Iran hired Hell's Angel biker to help attack German synagogues, say police

Ramin Yektaparast, said to have fled to Tehran in 2021 after gangland murder, accused of being behind 'state-organised terrorism'

Instagram pictures from the account of Ramin Yektaparast
Instagram pictures from the account of Ramin Yektaparast

Iran has recruited a fugitive Hell's Angels boss to help organise terror attacks on synagogues, police in Germany believe.

Detectives have identified biker boss Ramin Yektaparast as a key suspect as they investigate attacks on two synagogues that took place last month, according to a report by public broadcaster ARD.

Yektaparast, who is wanted by German police for carrying out a brutal gangland murder, fled to Tehran in 2021 where he has been tasked by the Revolutionary Guard with organising attacks in Germany, the report says.

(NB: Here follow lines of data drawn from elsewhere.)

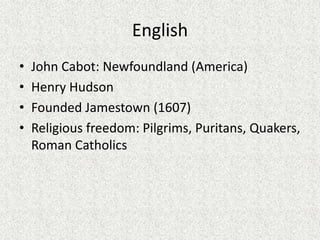 English
•   John Cabot: Newfoundland (America)
•   Henry Hudson
•   Founded Jamestown (1607)
•   Religious freedom: Pilgrims, Puritans, Quakers,
    Roman Catholics
 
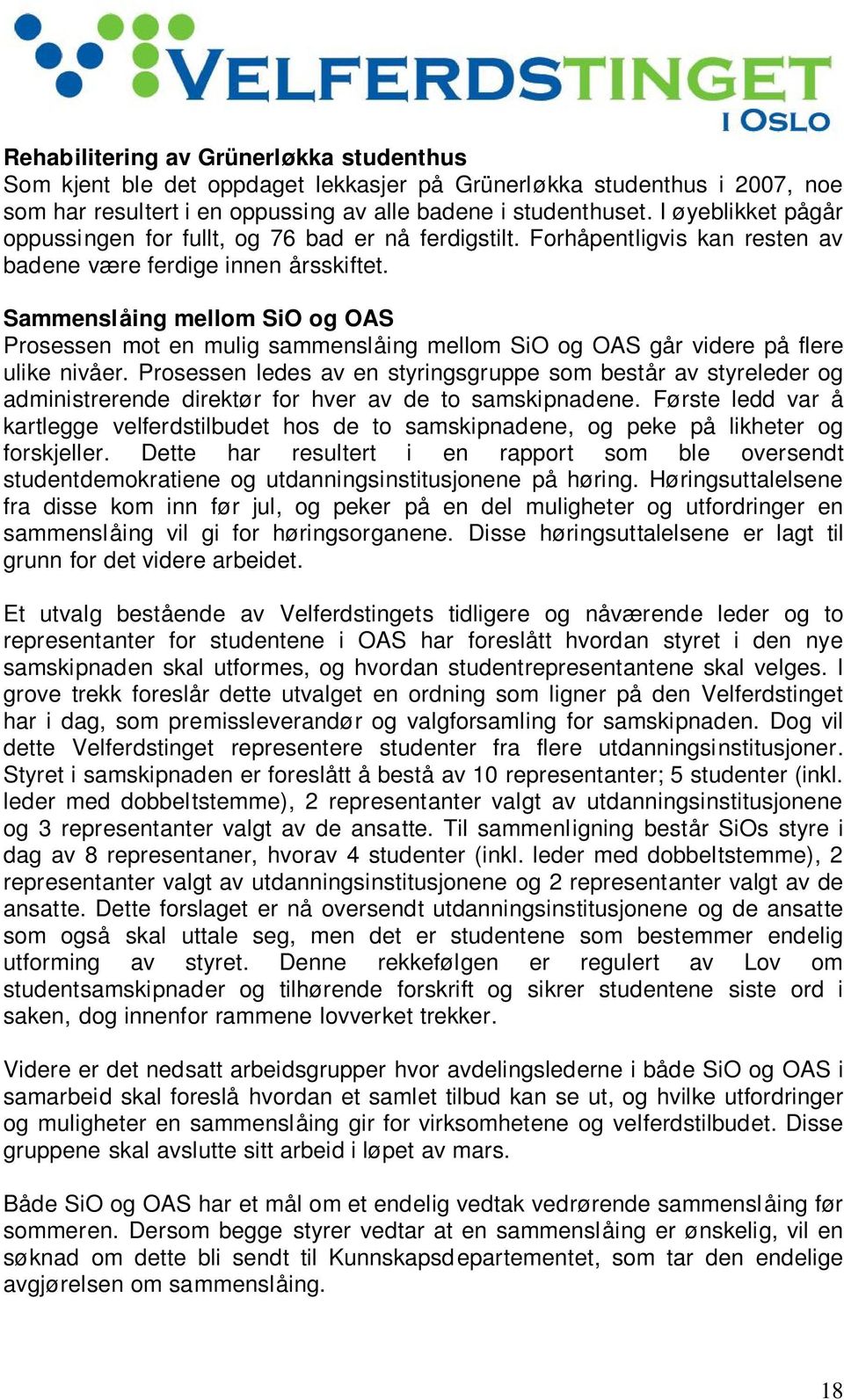 Sammenslåing mellom SiO og OAS Prosessen mot en mulig sammenslåing mellom SiO og OAS går videre på flere ulike nivåer.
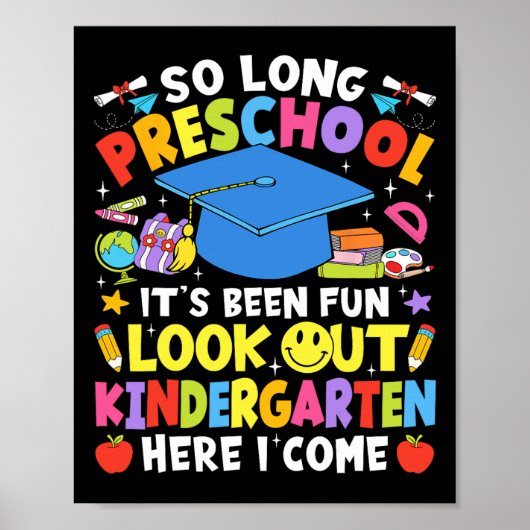So Long Preschool Graduation Kindergarten Here I C Poster (Voorkant)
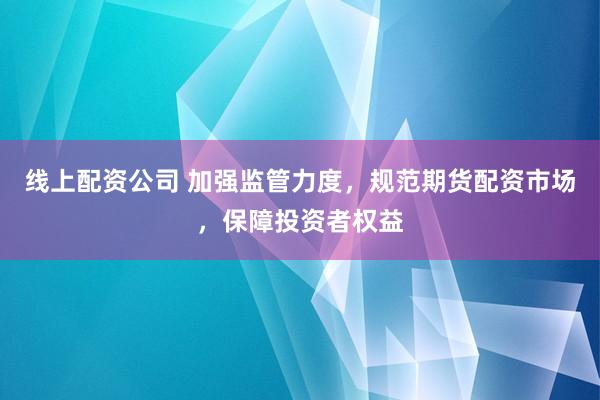 线上配资公司 加强监管力度，规范期货配资市场，保障投资者权益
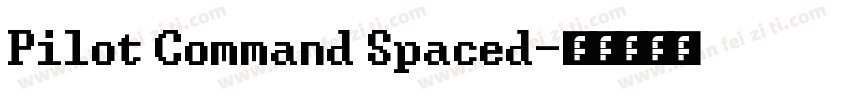 Pilot Command Spaced字体转换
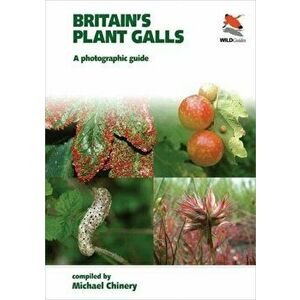 Britain`s Plant Galls - A Photographic Guide, Paperback - Michael Chinery imagine
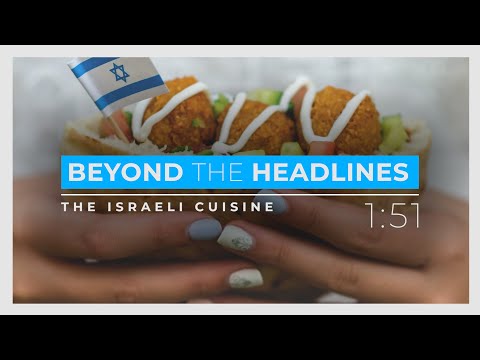 DID YOU KNOW - The Israeli Cuisine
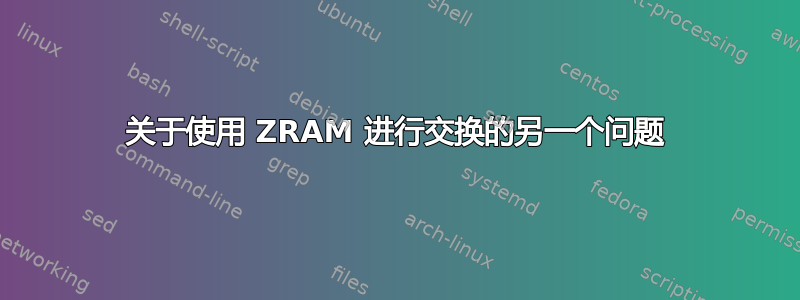 关于使用 ZRAM 进行交换的另一个问题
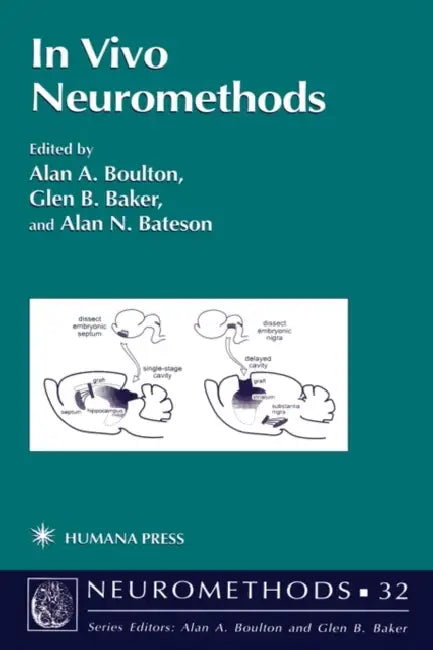 In Vivo Neuromethods by Alan A. Boulton, Glen B. Baker, Alan N. Bateson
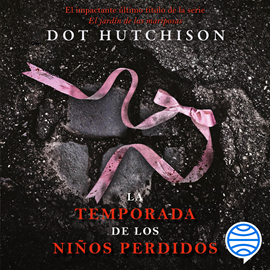Audiolibro La temporada de los niños perdidos  - autor Dot Hutchison   - Lee Marco Lubián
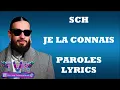 SCH - Je la connais (Paroles/Lyrics)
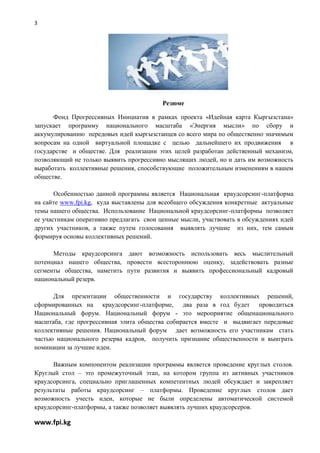 3

                                           «




                                          Резюме

      Фонд Прогрессивных Инициатив в рамках проекта «Идейная карта Кыргызстана»
запускает программу национального масштаба «Энергия мысли» по сбору и
аккумулированию передовых идей кыргызстанцев со всего мира по общественно значимым
вопросам на одной виртуальной площадке с целью дальнейшего их продвижения в
государстве и обществе. Для реализации этих целей разработан действенный механизм,
позволяющий не только выявить прогрессивно мыслящих людей, но и дать им возможность
выработать коллективные решения, способствующие положительным изменениям в нашем
обществе.

       Особенностью данной программы является Национальная краудсорсинг-платформа
на сайте www.fpi.kg, куда выставлены для всеобщего обсуждения конкретные актуальные
темы нашего общества. Использование Национальной краудсорсинг-платформы позволяет
ее участникам оперативно предлагать свои ценные мысли, участвовать в обсуждениях идей
других участников, а также путем голосования выявлять лучшие из них, тем самым
формируя основы коллективных решений.

      Методы краудсорсинга дают возможность использовать весь мыслительный
потенциал нашего общества, провести всестороннюю оценку, задействовать разные
сегменты общества, наметить пути развития и выявить профессиональный кадровый
национальный резерв.

      Для презентации общественности и государству коллективных решений,
сформированных на краудсорсинг-платформе, два раза в год будет проводиться
Национальный форум. Национальный форум - это мероприятие общенационального
масштаба, где прогрессивная элита общества собирается вместе и выдвигает передовые
коллективные решения. Национальный форум дает возможность его участникам стать
частью национального резерва кадров, получить признание общественности и выиграть
номинации за лучшие идеи.

      Важным компонентом реализации программы является проведение круглых столов.
Круглый стол – это промежуточный этап, на котором группа из активных участников
краудсорсинга, специально приглашенных компетентных людей обсуждает и закрепляет
результаты работы краудсорсинг – платформы. Проведение круглых столов дает
возможность учесть идеи, которые не были определены автоматической системой
краудсорсинг-платформы, а также позволяет выявлять лучших краудсорсеров.

www.fpi.kg
 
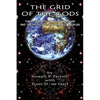 The Grid of the Gods: The Aftermath of the Cosmic War and the Physics of the Pyramid Peoples - Paperback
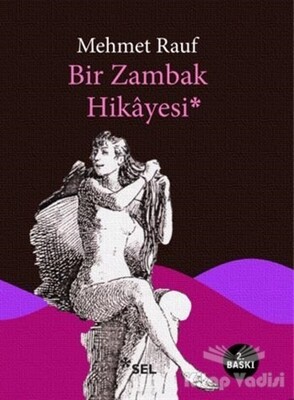 Bir Zambak Hikayesi - Sel Yayınları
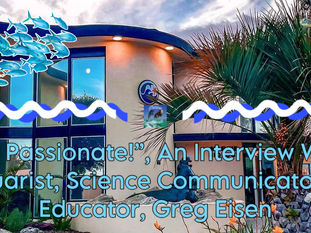 Episode 10: “Be Passionate!”, An Interview With Aquarist, Science Communicator, & Educator, Greg Eisen
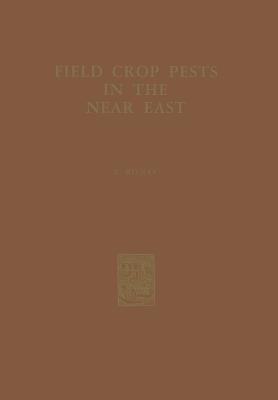 Field Crop Pests in the Near East
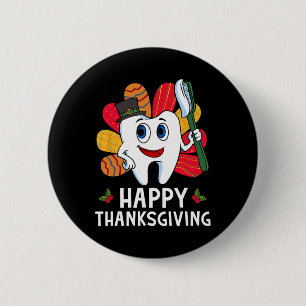 Happy Thanksgiving Dental Shirt Teeth Turkey Thank 2 Inch Round Button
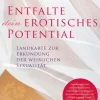 Kamphausen Media GmbH Beziehungen & Sexualität*Entfalte dein erotisches Potential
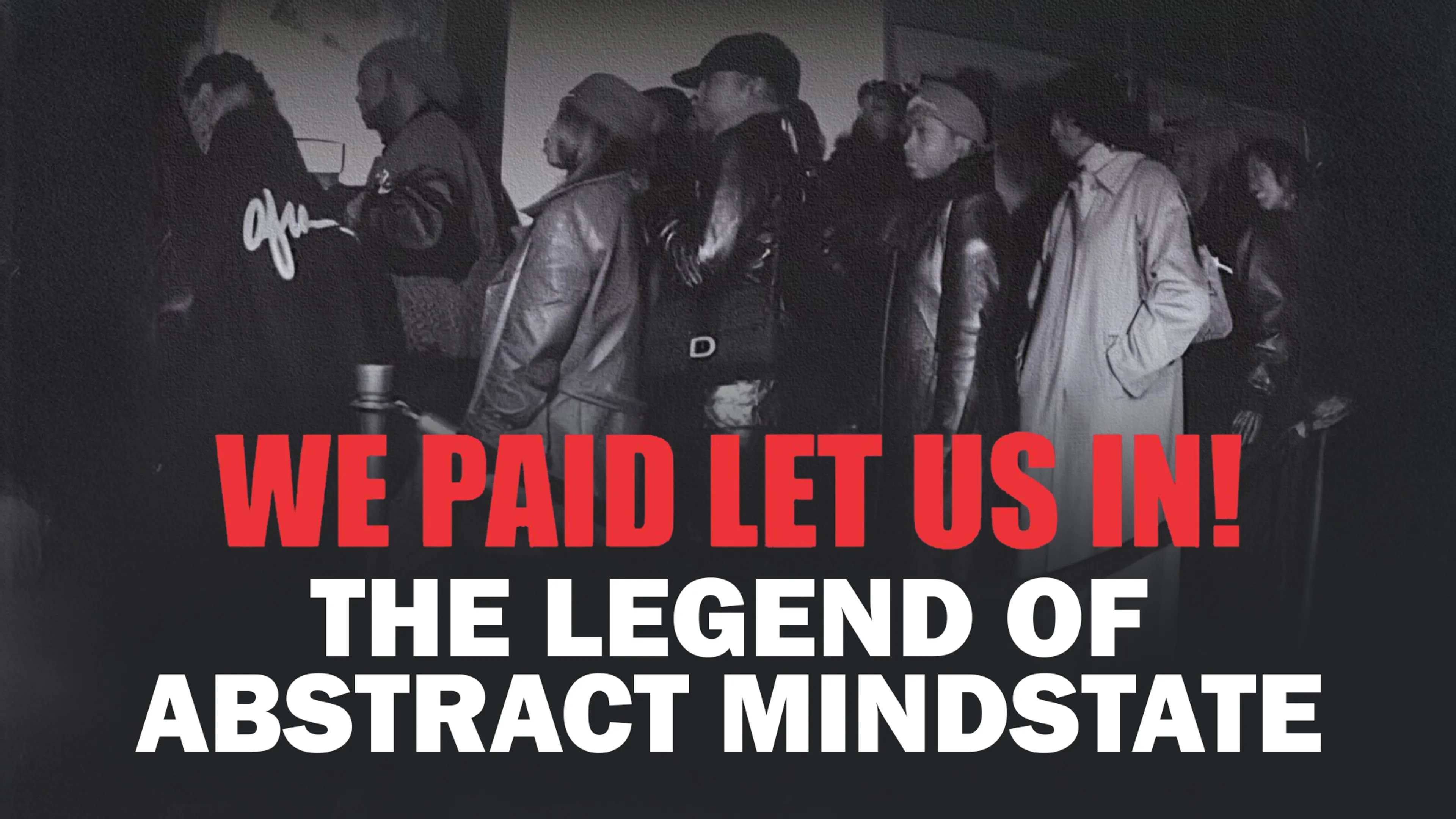 We Paid Let Us In! The Legend of Abstract Mindstate poster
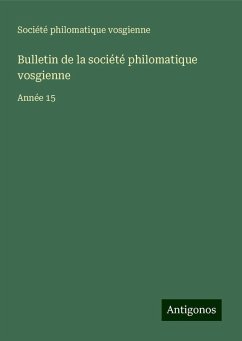 Bulletin de la société philomatique vosgienne - Société Philomatique Vosgienne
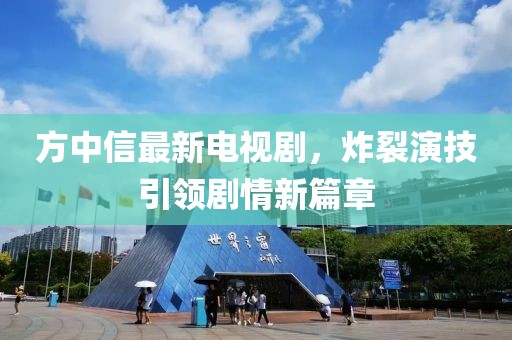 方中信最新电视剧，炸裂演技引领剧情新篇章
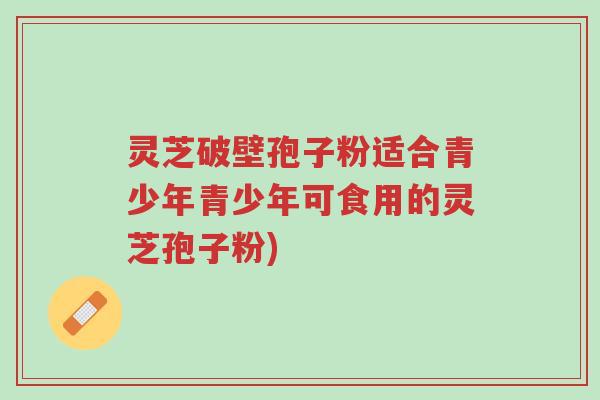 灵芝破壁孢子粉适合青少年青少年可食用的灵芝孢子粉)-第1张图片-超越 灵芝破壁孢子粉适合青少年青少年可食用的灵芝孢子粉)-第1张图片-超越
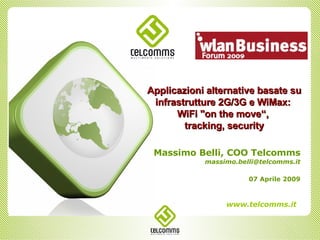 Massimo Belli, COO Telcomms [email_address] 07 Aprile 2009 Applicazioni alternative basate su infrastrutture 2G/3G e WiMax:  WiFi &quot;on the move“,  tracking, security 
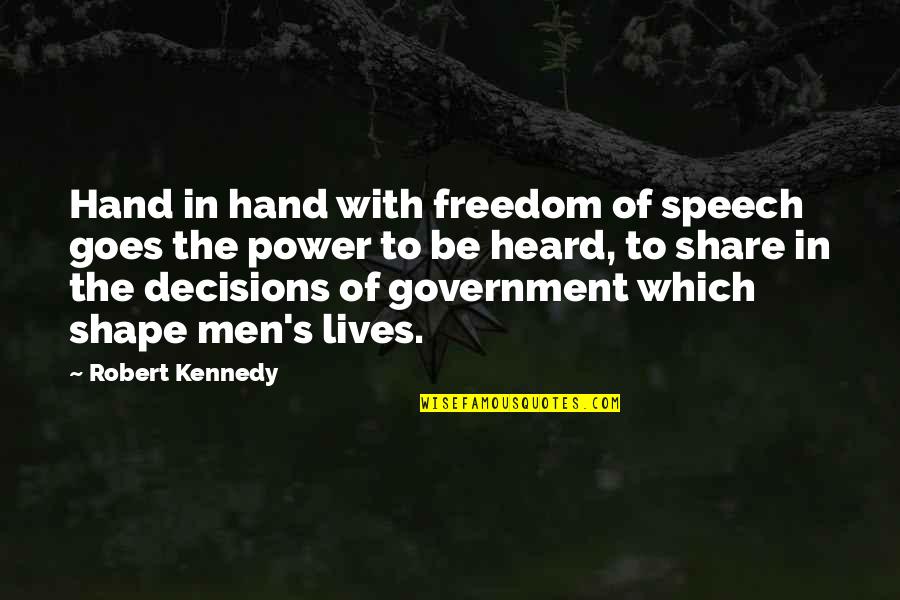 Wouild Quotes By Robert Kennedy: Hand in hand with freedom of speech goes Wouild Quotes By Robert Kennedy: Hand in hand with freedom of speech goes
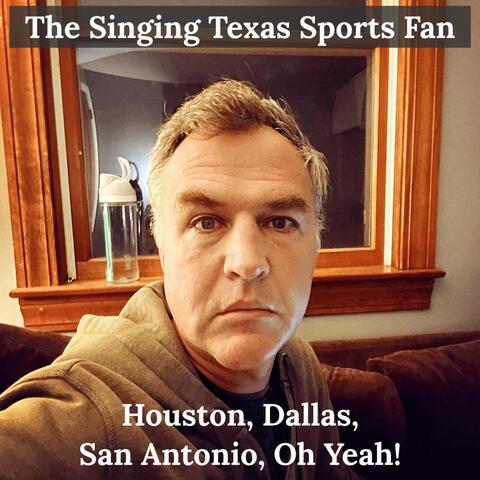 Houston, Dallas, San Antonio, Oh Yeah!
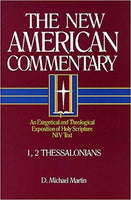 1 & 2 Thessalonians: New American Commentary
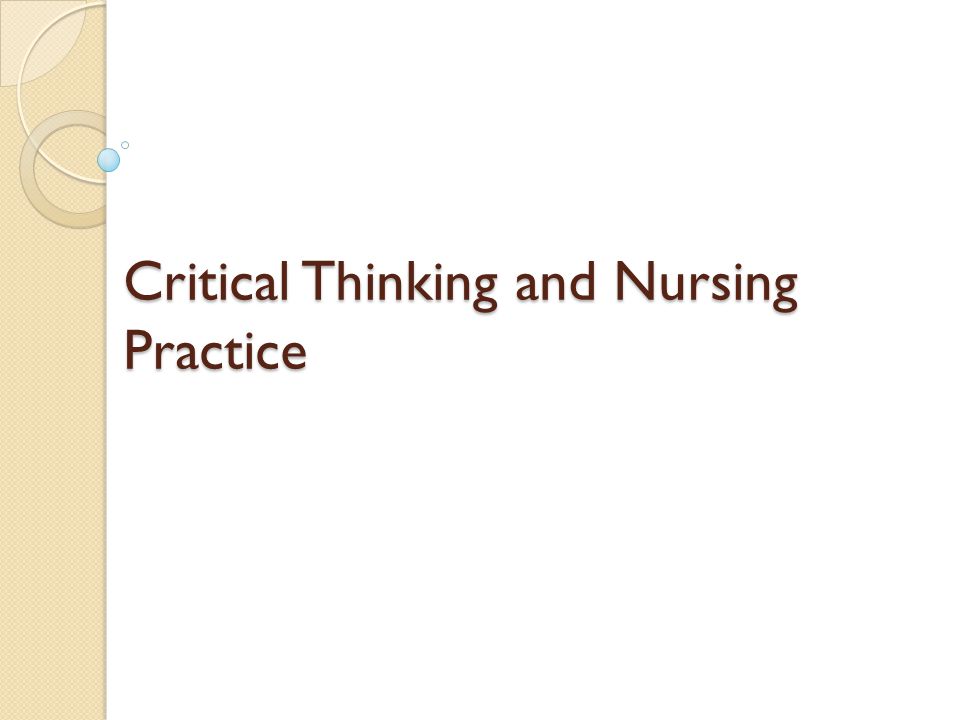 Critical thinking definition for nursing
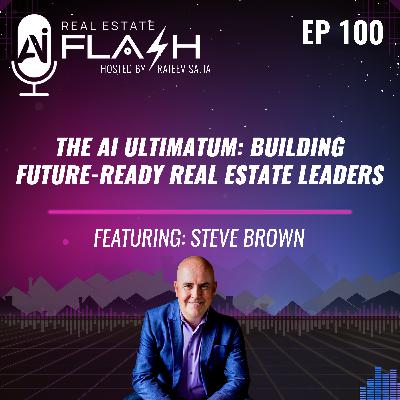 Ep 100: The AI Ultimatum: Building Future-Ready Real Estate Leaders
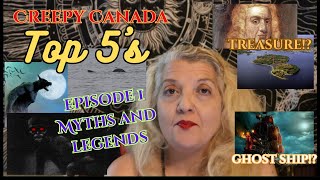 Creepy Top 5's Canada Episode 1-Myths and Legends. Canada, you are scary!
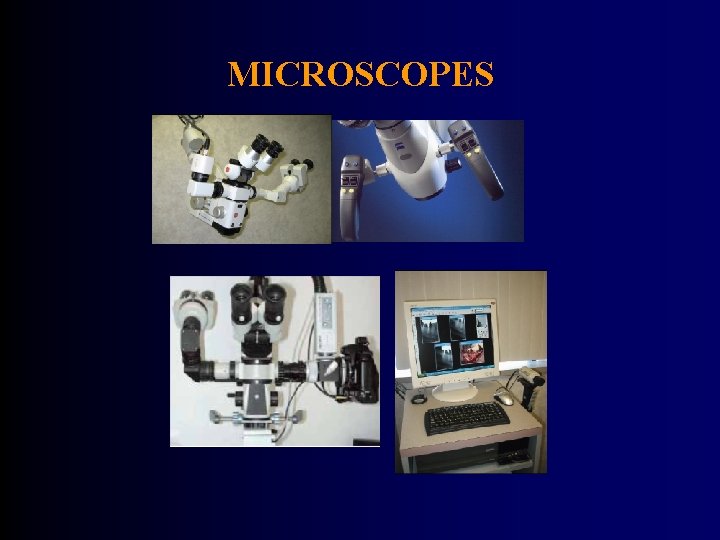 MICROSCOPES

“We are talking about state-organised terrorism,” an investigator told the broadcaster.

Synagogue
The door of the 'Old Synagogue' in Essen, Germany was left with four bullet holes in it after the attack Credit: Justin Brosch/DPA

The first of the two synagogue attacks took place in mid-November when four bullet holes were discovered in the doorway of the former rabbis’ residence at the Old Synagogue in Essen, a historic building from the early 20th century.

Soon after, a Molotov cocktail was thrown at a school adjacent to a synagogue in nearby Bochum.

A 35-year-old Iranian-German national has been arrested in connection with the Bochum attack.

Another man went to the police after the suspect allegedly tried to pressure him into carrying out a further attack at a synagogue in Dortmund.

Gang's murder victim 'cut into pieces'

Yektaparast, a Hell’s Angel boss, is being pursued with an international arrest warrant for the murder of a fellow gang member back in 2014.

Prosecutors issued charges against him earlier this year after a fellow biker told them that Yektaparast had shot a member of their gang whom he believed was a police mole.

The gang then sawed their victim's body into small pieces, encased it in cement and threw the remains into the Rhine river, the witness confessed.

Yektaparast has been living in Tehran since at least September 2021, but has insisted on social media that he is not on the run but is merely “on holiday.”

An Instagram account belonging to a Ramin Yektaparast shows a strongly built man in his mid-thirties riding motorbikes and driving Lamborghini sports cars.

Instagram pictures from the account of Ramin Yektaparast
Instagram pictures from the account of Ramin Yektaparast
Instagram story from the account of Ramin Yektaparast
Instagram story from the account of Ramin Yektaparast

In a sign that authorities are concerned that the group could be planning further attacks, police in the state of North Rhine-Westphalia have increased security measures around Jewish buildings.

Officers guarding the buildings are now equipped with semi-automatic guns and wear bulletproof vests.

The group also reportedly tried to spy on the head of Germany's Central Jewish Council, Josef Schuster.

Anti-Semitism on the rise

German intelligence agencies have recently warned that anti-Semitism has become more pronounced among extremist groups.

One of the worst acts of anti-Semitic violence in Germany since the war took place in the town of Halle in 2019, where a Right-wing extremist live-streamed his armed assault on a synagogue.

He was unable to enter the locked building but killed two people outside.

Meanwhile, in Iran the country's ultra-conservative president, Ebrahim Raisi, has travelled to the Kurdistan province to try to calm the unrest that has gripped the region since the early autumn.

Speaking in the town of Sanandaj on Thursday, Ebrahim Raisi placed the blame for the protests on foreign "enemies" but said that the country's Kurdish minority would "foil their plans".

"People are facing economic and social problems, but they know how to face the enemy with their solidarity," he said.

The Kurdish region has been the centre of protests after Mahsa Amini, a 22-year-old woman from the region, died in police custody in September.